3GNY Events - Shabbat Dinner

3GNY Winter Shabbat Dinner

GotfrydDecember 4, 2009
92YTribeca

Thanks to all members and supporters of 3GNY for joining us at what was a moving Shabbat dinner. Guest speaker and Holocaust survivor Bernard Gotfryd shared his story.

Mr. Gotfryd was born in Radom, Poland, and became interested in photography at an early age. When World War II broke out and schools were closed to Jewish students, Gotfryd found work as an apprentice in a photography studio. While working in the studio, he began aiding the Polish underground by passing on photographs taken by Nazi officers of war atrocities. After an unsuccessful escape attempt in October 1943, Gotfryd was apprehended and shipped to Maidanek. By the war’s end, Gotfryd had survived six concentration camps.

In 1947, Mr. Gotfryd emigrated to the United States, where he worked as a photographer and studied photojournalism. After being drafted into the U.S. Army in 1949 and going through basic training, Mr. Gotfryd was assigned to the Signal Corps as a combat photographer. In 1952, he married his wife, Gina. They settled in Forest Hills, Queens, where they raised two children, Howard and Eva.
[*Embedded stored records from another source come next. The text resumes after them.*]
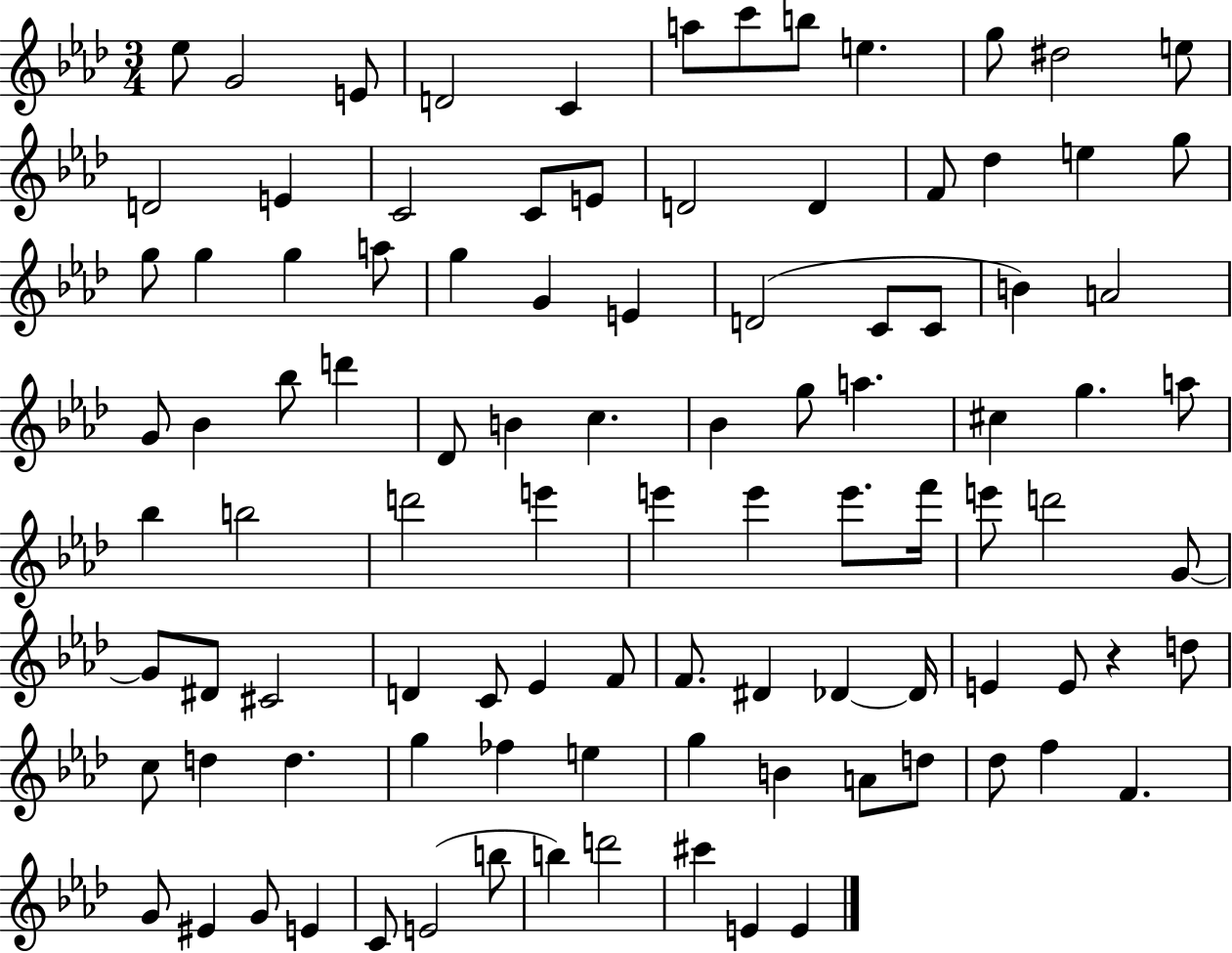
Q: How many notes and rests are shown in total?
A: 99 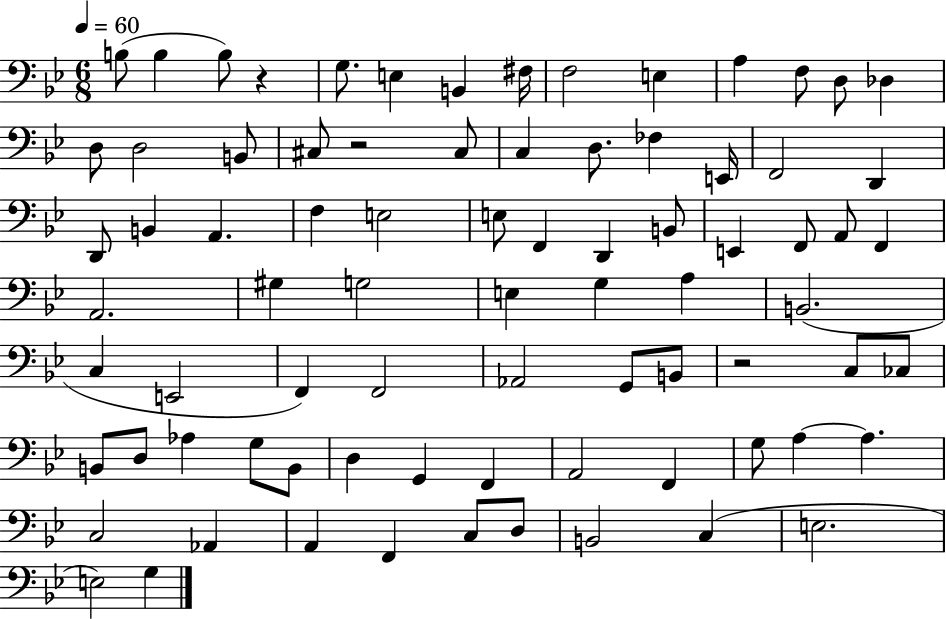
{
  \clef bass
  \numericTimeSignature
  \time 6/8
  \key bes \major
  \tempo 4 = 60
  \repeat volta 2 { b8( b4 b8) r4 | g8. e4 b,4 fis16 | f2 e4 | a4 f8 d8 des4 | \break d8 d2 b,8 | cis8 r2 cis8 | c4 d8. fes4 e,16 | f,2 d,4 | \break d,8 b,4 a,4. | f4 e2 | e8 f,4 d,4 b,8 | e,4 f,8 a,8 f,4 | \break a,2. | gis4 g2 | e4 g4 a4 | b,2.( | \break c4 e,2 | f,4) f,2 | aes,2 g,8 b,8 | r2 c8 ces8 | \break b,8 d8 aes4 g8 b,8 | d4 g,4 f,4 | a,2 f,4 | g8 a4~~ a4. | \break c2 aes,4 | a,4 f,4 c8 d8 | b,2 c4( | e2. | \break e2) g4 | } \bar "|."
} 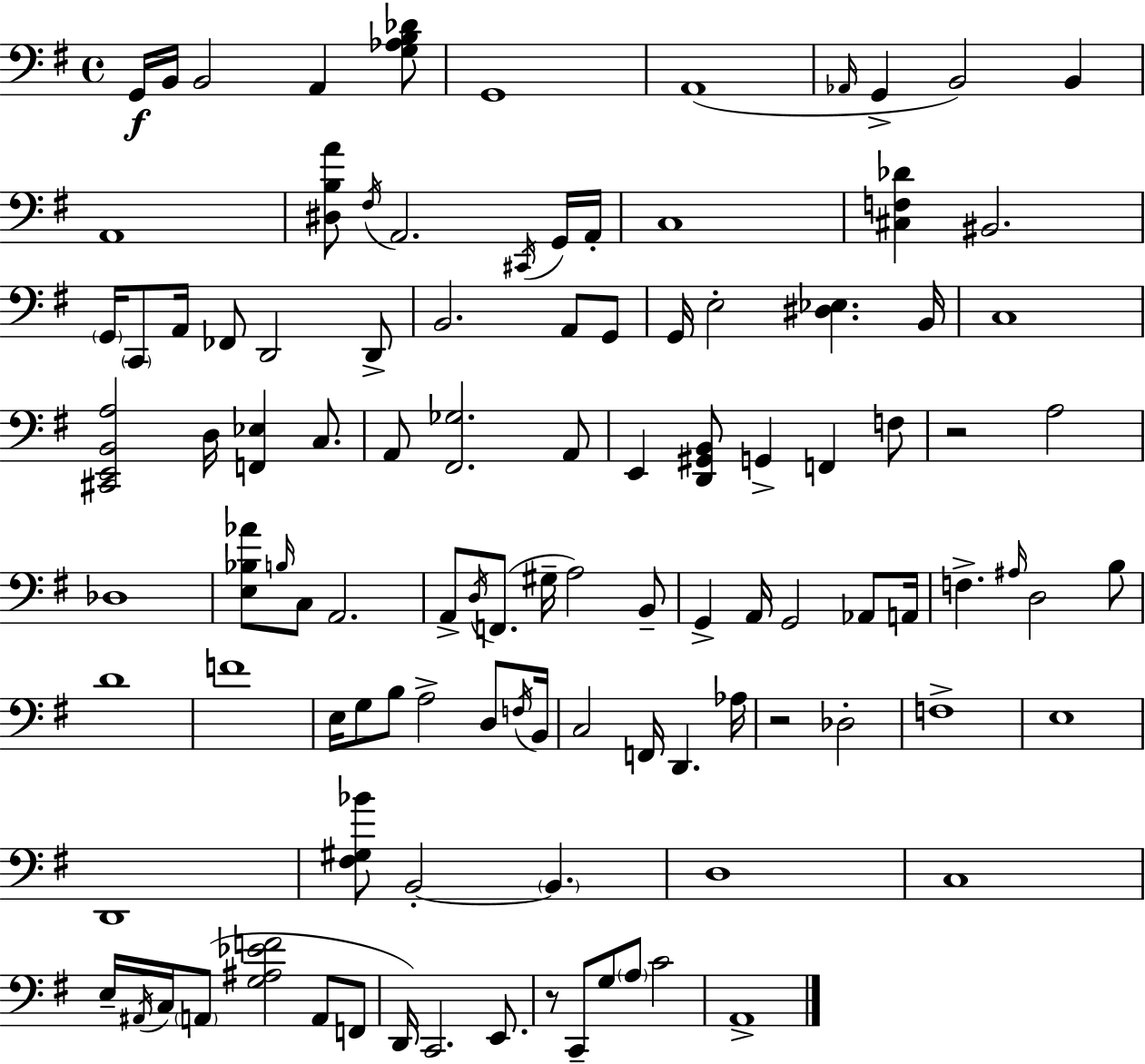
G2/s B2/s B2/h A2/q [G3,Ab3,B3,Db4]/e G2/w A2/w Ab2/s G2/q B2/h B2/q A2/w [D#3,B3,A4]/e F#3/s A2/h. C#2/s G2/s A2/s C3/w [C#3,F3,Db4]/q BIS2/h. G2/s C2/e A2/s FES2/e D2/h D2/e B2/h. A2/e G2/e G2/s E3/h [D#3,Eb3]/q. B2/s C3/w [C#2,E2,B2,A3]/h D3/s [F2,Eb3]/q C3/e. A2/e [F#2,Gb3]/h. A2/e E2/q [D2,G#2,B2]/e G2/q F2/q F3/e R/h A3/h Db3/w [E3,Bb3,Ab4]/e B3/s C3/e A2/h. A2/e D3/s F2/e. G#3/s A3/h B2/e G2/q A2/s G2/h Ab2/e A2/s F3/q. A#3/s D3/h B3/e D4/w F4/w E3/s G3/e B3/e A3/h D3/e F3/s B2/s C3/h F2/s D2/q. Ab3/s R/h Db3/h F3/w E3/w D2/w [F#3,G#3,Bb4]/e B2/h B2/q. D3/w C3/w E3/s A#2/s C3/s A2/e [G3,A#3,Eb4,F4]/h A2/e F2/e D2/s C2/h. E2/e. R/e C2/e G3/e A3/e C4/h A2/w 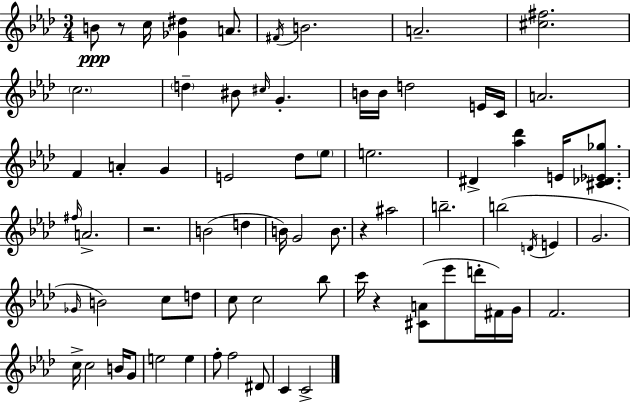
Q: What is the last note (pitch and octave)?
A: C4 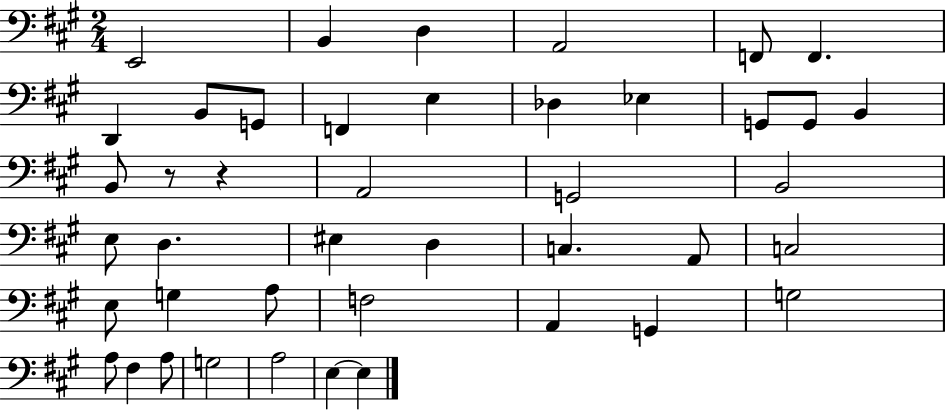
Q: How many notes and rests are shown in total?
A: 43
Mr. Gotfryd joined the staff of Newsweek in 1957, where he worked for more than thirty years, photographing some of the most influential figures of the 20th century. It was while working for Newsweek, covering the Holocaust Survivors Gathering in Washington, D.C., in April 1983, that Mr. Gotfryd was moved to write about his own experiences. First published in Newsweek, his stories were eventually published as a collection, titled Anton the Dove Fancier and Other Tales of the Holocaust.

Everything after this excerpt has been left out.